Mısır Muhalefeti ve İhvan Hareketi içerisinde yeni bir birlik ve
yeni başarılı bir kadronun süreci taşıması elbette mümkün, Çünkü hem İhvan
hareketi hem Mısır düşünce dünyası oldukça geniş tecrübe ve birikime sahiptir.
İhvan, Vasat partisi, mutedil selefiler ve diğer bazı gurupların ortak bir
vizyon oluşturması ve yeniden muhalefet hareketine öncülük etmesi gibi bir çaba
ortada var ve bu umut verici bir çabadır. Yahya Musa, Rıza Fehmi, Muhammed
İlhami gibi isimlerin farklı kanatlardan bir araya gelerek yeni bir süreç
kurmaları belki gelecekte diasporada güçlü bir muhalefeti kurma imkanı sağlayabilir.
Türkiye yeni politik
çerçevesinde Mısır muhalefetini kaybedebilir mi?
Türkiye bölgede ve dünyanın her yerinde insani olanı önceleyen,
meşru siyaset ve muhalefeti destekleyen, katliam rejimlerine karşı duran bir
pozisyon belirlemiştir. Bu pozisyon Türkiye’nin büyüyen vizyonuna daima katkı
sağlamış ayrıca stratejik olarak Türkiye’yi her platformda ve masada güçlü
kılmıştır. Bu bağlamda Mısır Muhalefetinin Türkiye’de olması her yönüyle büyük
bir kazançtır. Fakat diaspora, göç, siyasal yönetim açıklarımız elimizde bir
güç ve imkan olarak var olan bu siyasal imkanı zamanla bir soruna
dönüştürebiliyor.
İhvan Hareketinin ve genel olarak Mısır Muhalefetinin sorunlarıyla
birlikte bu muhalefeti planlı bir biçimde yönetme sorunu da ülkemiz açısından
bir eksikliktir. Bu süreçten sonra Türkiye-Mısır ittifakı eğer Muhalefetin
başka bir ülkeye taşınmasıyla sonuçlanacaksa bu çok kötü planlanmış bir
normalleşme çerçevesidir. Türkiye olarak bizim Mısır Muhalefetini makul ve
kapasitesi geliştirilmiş bir biçimde hem ülkemizde kalmasını sağlamak hem Mısır
normalleşmesini sağlamamız gerekir. Eğer bu sağlanırsa işte bu tam bir
diplomatik başarıdır. Zira bunu sağlayamazsak yasal olarak Mısır Muhalefetinin
yerleşme ihtimali en yüksek ülke İngiltere’dir. Muhalefetin İngiltere’den
konuşması ve oradan hareket etmesi Türkiye-Mısır normalleşmesini ve İhvan
hareketinin geleceğini tehdit eden gelişme olur.
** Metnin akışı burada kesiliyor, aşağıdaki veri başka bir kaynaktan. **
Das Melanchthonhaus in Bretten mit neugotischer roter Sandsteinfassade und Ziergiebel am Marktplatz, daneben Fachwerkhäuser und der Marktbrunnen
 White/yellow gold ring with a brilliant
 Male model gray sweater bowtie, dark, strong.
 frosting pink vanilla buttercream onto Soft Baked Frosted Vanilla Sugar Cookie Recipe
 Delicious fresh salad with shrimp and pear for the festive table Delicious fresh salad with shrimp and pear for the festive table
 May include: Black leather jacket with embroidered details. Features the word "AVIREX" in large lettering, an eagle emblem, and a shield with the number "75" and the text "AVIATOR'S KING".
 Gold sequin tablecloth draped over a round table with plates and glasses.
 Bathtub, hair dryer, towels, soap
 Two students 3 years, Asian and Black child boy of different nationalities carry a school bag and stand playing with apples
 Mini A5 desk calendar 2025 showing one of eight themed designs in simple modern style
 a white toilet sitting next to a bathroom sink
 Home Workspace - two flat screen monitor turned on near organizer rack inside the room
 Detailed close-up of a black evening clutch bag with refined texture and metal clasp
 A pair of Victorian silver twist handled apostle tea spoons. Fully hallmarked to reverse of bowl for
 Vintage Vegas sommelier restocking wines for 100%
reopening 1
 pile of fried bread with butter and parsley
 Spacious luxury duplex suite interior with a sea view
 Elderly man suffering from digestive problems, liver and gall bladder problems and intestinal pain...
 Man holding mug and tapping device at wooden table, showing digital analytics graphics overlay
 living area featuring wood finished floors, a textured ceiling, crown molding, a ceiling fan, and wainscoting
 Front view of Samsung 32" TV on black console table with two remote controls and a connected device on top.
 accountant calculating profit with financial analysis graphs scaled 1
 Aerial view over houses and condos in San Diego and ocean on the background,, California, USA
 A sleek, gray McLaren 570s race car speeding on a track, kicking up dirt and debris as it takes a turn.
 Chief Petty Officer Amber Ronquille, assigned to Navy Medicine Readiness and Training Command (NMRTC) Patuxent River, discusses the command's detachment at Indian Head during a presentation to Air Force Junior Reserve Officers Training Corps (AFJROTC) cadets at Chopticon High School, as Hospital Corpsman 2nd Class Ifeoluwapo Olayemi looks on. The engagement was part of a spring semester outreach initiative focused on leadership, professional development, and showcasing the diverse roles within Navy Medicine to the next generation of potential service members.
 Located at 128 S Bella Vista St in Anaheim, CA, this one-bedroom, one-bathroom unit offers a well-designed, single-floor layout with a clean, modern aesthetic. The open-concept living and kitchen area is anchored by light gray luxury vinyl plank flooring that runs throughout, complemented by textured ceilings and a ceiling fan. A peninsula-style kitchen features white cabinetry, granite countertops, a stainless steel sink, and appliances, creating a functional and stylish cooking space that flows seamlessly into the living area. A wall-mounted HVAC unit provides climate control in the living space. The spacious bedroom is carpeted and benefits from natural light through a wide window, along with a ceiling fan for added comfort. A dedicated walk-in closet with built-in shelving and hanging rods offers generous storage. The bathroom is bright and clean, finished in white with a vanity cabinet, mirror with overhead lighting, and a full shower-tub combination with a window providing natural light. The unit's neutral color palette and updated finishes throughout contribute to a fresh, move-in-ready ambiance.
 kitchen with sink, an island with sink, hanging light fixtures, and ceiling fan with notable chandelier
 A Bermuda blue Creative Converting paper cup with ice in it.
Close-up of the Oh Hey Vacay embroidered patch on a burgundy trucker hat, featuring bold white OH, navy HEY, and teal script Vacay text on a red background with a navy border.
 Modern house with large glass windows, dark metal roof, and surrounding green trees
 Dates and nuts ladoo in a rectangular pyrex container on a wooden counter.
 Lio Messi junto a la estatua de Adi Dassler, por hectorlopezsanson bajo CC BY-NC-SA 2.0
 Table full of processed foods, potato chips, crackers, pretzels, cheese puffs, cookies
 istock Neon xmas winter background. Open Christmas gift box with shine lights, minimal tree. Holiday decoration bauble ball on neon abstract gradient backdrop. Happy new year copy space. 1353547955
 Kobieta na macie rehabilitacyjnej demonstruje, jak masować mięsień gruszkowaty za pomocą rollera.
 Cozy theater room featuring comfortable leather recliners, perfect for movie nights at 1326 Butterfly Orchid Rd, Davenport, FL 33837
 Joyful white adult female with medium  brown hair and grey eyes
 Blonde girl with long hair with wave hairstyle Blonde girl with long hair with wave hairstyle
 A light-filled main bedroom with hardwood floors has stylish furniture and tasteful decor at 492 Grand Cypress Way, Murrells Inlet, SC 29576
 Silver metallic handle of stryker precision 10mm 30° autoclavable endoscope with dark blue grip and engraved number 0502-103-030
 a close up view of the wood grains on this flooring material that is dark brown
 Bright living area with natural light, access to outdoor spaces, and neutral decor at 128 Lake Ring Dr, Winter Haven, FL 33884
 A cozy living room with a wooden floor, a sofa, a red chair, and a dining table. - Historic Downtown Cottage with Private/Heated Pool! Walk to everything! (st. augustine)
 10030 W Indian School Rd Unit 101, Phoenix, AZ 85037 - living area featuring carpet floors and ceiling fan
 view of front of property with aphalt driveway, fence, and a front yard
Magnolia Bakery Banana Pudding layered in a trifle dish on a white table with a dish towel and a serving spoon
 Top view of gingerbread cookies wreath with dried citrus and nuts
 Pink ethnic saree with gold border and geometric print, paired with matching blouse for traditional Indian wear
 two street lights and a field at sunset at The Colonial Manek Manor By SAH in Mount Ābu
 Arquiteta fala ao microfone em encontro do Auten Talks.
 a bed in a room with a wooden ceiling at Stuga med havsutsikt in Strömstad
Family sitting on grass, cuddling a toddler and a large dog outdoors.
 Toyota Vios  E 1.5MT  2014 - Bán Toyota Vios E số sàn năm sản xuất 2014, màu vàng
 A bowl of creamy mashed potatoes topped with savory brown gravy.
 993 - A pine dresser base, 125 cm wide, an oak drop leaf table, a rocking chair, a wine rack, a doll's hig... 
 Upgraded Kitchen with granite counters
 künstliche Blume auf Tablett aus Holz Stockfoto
Türkiye Muhalefeti
kaybetmemeli ve İhvandan daha kapsamlı daha vizyoner bir birleşik muhalefeti
meşru zeminde desteklemesi en doğal siyasi tavırdır. Bu siyasi kadrolar aksi
halde haksız yere idama gönderilerek başka bir insani krize yol açacaktır.
Daha kapsamlı bir
politik vizyon Türkiye’yi lider yapar
Türkiye çok kapsamlı, farklı parametreleri beraber işleten,
bölgesel ve küresel denklemleri hem bütüncül okuyan hem aynı anda birden çok
politik tavrı işletebilen bir kapasiteye hızla ulaşması gerekmektedir. Ülkemiz
böyle bir kapasiteye sahip çok tecrübeli bir devlettir. Bu yönetim ve politik
çeşitliliği kapsayan bir Türkiye bölgesinde lider ülke Türkiye olur. Bu
bağlamda Türkiye-Mısır ilişkilerinin normalleşmesi bölgedeki tüm gelişmeler
açısından Türkiye ve bölgemiz için olumlu bir gelişmedir. Fakat Türkiye Mısırla
normalleşirken Muhalefeti, insani siyaseti, bölge milletlerinin kazanılan
desteğini de kaybetmemelidir. Bu politik kapsayıcılık inşa edilmelidir. Bu
kapasite ve kapsayıcılık kurulabilirse Mısır, Suriye, BAE ve diğer krizlerde
çözülecektir. Türkiye hızla Kapsamlı Göç (Kültür, siyaset, sanat, eğitim,
medya, ekonomi v.b) politikasi, diasporaların yönetimi, kamu diplomasisini bu
yönüyle tekrar kapsamını belirleyerek inşa etmelidir. Ülkemiz bu konuda hem
tarihi hem siyasi, hem insani birikime fazlasıyla sahiptir.